Practice to PracticePlatelet Rich Plasma: Its Place in Cranial Cruciate Ligament Repair
Ashkan Hakhamian, DVM, and Alan J. Schulman, DVM, Diplomate ACVS
Over the last few years, a variety of adjunct therapies have become more common in veterinary medicine.
The drive for these treatments stems from:
- Medical professionals seeking more advanced therapies for their patients
- Pet owners seeking additional therapies for classically “single treatment” diseases or conditions.
With the advancement and acceptance of adjunct therapies, such as acupuncture, stem cell therapy, platelet rich plasma (PRP) therapy, and various other modalities, both practitioners and owners must decide which ones are most beneficial for their patients and pets, respectively.
For cranial cruciate ligament ruptures (CCLR) in small animal patients, the sole therapy has always been surgery. However, in our experience, we believe the use of PRP therapy is a potentially beneficial adjunct treatment to surgery. This article illustrates both the clinical benefits as well as limitations of therapeutic PRP use in patients with CCLRs.
The usual protocol for initial therapy for muscle, ligament, and tendon injuries, including CCL tears, includes treating the injury with:
- Rest, ice, compression, and elevation: This combination prevents further injury and reduces pain, inflammation, and swelling, which encourages healing. These modalities conservatively treat the inflammation and subsequent pain, but do not result in repair of a tendon or ligament.
- Surgery—tibial tuberosity advancement (TTA), tibial plateu leveling osteotomy (TPLO), lateral suture, etc: Countless articles discuss the proposed pathophysiology and biomechanical causation behind acute CCL injuries in dogs and cats.

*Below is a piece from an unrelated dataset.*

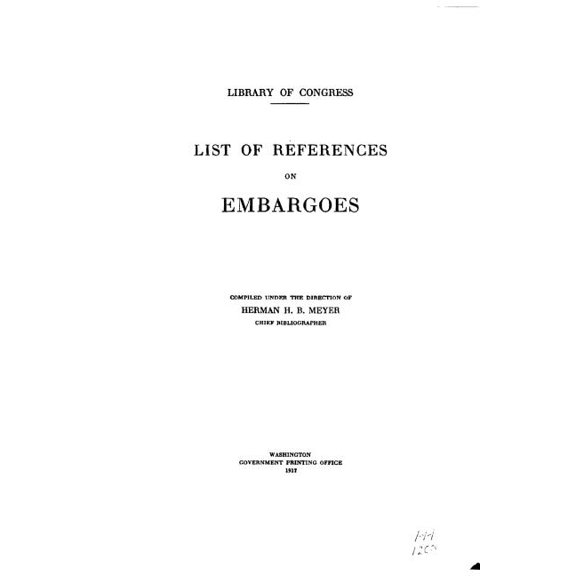 List of References on Embargoes (Paperback)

- Proposed theories include steep tibial plateau angles, abnormal patellar tendon angles, abnormal immune responses, and genetic or breed predispositions
- Since the majority of these theories rely on joint physics and mechanics, surgery to correct physical derangements within the stifle joint is considered decisive treatment for CCLR.
- Medications: Nonsteroidal anti-inflammatory drugs (NSAIDs) are commonly used to manage pain and inflammation prior to and after surgery.
- Physical therapy: Physical therapy is usually implemented when the acute stage of injury has subsided, typically after surgery.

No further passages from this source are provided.